Indian women have always been known to buy gold jewelry, it is even considered by many as an investment. The practice of investing in gold is even correct to the extent that the yellow metal still appears to be the savior of investors in a context of market volatility. However, women have many reasons to reconsider their position when it comes to investing in physical gold. Investing in physical gold comes with challenges such as issues with storage costs, impurities, etc.
There are also additional manufacturing fees that are added when purchasing gold jewelry that are lost when returning the jewelry for a new one. Take a look at all the reasons why women should stop investing in physical gold and look for better ways to invest in the yellow metal. Here are the reasons why women should not invest in gold jewelry.
Physical gold requires storage and security
Purchasing gold jewelry or physical gold not only requires money, but the purchased item must be kept secure, either in the bank or in a locker to avoid the risk of theft and burglary.
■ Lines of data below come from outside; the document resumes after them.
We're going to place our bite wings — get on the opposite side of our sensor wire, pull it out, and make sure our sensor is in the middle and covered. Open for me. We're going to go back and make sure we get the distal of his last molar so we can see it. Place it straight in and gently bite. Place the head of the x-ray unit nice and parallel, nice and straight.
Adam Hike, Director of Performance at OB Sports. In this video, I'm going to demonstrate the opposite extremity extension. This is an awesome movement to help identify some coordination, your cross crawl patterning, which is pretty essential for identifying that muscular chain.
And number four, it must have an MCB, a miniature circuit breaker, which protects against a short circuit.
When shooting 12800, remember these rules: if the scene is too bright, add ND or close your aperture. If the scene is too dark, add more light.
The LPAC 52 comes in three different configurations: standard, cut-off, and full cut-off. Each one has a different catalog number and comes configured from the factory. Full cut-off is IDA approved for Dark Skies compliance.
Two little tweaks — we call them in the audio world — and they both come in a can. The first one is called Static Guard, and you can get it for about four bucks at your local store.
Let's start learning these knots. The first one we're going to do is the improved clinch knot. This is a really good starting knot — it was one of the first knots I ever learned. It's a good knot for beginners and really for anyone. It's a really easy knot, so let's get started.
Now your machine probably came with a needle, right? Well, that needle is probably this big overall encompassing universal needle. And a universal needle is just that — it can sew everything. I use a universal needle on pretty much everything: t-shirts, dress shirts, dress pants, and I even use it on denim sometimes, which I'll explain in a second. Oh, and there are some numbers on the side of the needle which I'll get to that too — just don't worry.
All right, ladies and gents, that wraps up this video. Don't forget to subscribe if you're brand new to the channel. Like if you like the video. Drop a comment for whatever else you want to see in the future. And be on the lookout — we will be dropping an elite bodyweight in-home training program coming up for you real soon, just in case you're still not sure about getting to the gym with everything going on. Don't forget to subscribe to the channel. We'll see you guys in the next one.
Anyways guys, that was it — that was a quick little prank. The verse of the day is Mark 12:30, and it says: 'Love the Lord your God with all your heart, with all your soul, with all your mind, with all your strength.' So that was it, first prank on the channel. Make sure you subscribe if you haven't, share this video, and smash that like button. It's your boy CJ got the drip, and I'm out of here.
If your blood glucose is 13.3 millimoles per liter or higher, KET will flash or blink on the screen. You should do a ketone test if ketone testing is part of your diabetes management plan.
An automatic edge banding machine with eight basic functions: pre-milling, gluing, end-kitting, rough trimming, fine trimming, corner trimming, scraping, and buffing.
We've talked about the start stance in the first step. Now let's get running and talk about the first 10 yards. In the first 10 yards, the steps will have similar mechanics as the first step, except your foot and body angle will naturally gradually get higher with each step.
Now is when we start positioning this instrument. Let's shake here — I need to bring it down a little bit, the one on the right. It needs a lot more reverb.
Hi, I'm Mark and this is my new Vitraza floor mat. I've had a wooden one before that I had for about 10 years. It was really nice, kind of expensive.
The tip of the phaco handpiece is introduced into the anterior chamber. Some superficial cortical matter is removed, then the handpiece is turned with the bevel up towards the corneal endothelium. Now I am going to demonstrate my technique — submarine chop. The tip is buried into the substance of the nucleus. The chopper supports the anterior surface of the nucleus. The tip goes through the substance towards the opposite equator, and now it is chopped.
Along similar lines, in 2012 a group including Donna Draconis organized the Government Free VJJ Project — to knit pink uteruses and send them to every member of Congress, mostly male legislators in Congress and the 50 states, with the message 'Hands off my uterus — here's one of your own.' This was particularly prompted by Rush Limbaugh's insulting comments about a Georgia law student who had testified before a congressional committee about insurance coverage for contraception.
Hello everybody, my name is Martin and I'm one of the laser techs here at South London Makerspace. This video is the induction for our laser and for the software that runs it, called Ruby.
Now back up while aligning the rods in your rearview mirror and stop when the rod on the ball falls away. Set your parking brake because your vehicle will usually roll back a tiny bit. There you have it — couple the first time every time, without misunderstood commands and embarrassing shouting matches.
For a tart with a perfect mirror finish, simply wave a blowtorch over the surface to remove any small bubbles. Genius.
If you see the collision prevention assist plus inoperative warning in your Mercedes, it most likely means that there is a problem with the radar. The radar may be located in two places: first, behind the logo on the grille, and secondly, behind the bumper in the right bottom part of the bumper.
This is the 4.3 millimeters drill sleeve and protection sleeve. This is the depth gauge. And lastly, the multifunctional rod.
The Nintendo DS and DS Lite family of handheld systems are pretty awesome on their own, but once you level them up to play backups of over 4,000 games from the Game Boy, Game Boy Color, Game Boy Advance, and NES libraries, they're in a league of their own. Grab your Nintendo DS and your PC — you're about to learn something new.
Besides the security issue, purchasing gold in the form of jewelry requires the buyer to pay additional manufacturing fees that cannot be refunded.
There is another problem related to the purity of the yellow metal purchased. If your purchased jewelry does not have a BIS Hallmark label, it is difficult to know whether the gold used was pure or not. This is why gold jewelry will not bring the desired returns if you sell it to the jeweler after a while.
Lack of interest earned
If the amount of money spent to buy gold had been deposited in a bank or invested elsewhere, it would have earned the same amount of interest. But the same is not true for physical jewelry. The only benefit this brings is in the case of a rise in the price of gold.
When it comes to gold jewelry, there are certain feelings attached to gold. It never remains more than a simple tool of investment and becomes an emotional asset for the person or family. The added emotional value of a piece of jewelry makes it difficult to exchange when people need money.
Apart from the following disadvantages when buying physical gold, better alternatives for investing in the precious metal will definitely convince you to abandon the conventional method of investing in gold and try new methods.
Buying gold exchange-traded funds (ETFs) allows investors to buy the metal at real-time prices without any hassle. Gold ETFs are mutual funds that track the domestic price of physical gold. The money invested is used by them mutual fund companies to buy gold bars. Gold ETFs are listed on stock exchanges and allow investors to buy and sell Gold ETFs units on the same day.
Customers can also explore the option of purchasing “digital gold” using payment apps such as Pay, PhonePe and Google Pay. Buying Digital Gold allows users to purchase gold from Re 1. These payment apps have collaborated with MMTC – PAMP (a joint venture between the public sector MMTC and Swiss company PAMP SA) or SafeGold to sell gold.
Sovereign Gold Bonds
Sovereign Gold Bonds are one of the best and safest ways to invest in God. These bonds are issued by the RBI and represent grams of physical gold. People can buy SGBs from banks, post offices, Stock Holding Corporation of India and authorized stock exchanges in India. The minimum investment quantity in SGB is one gram.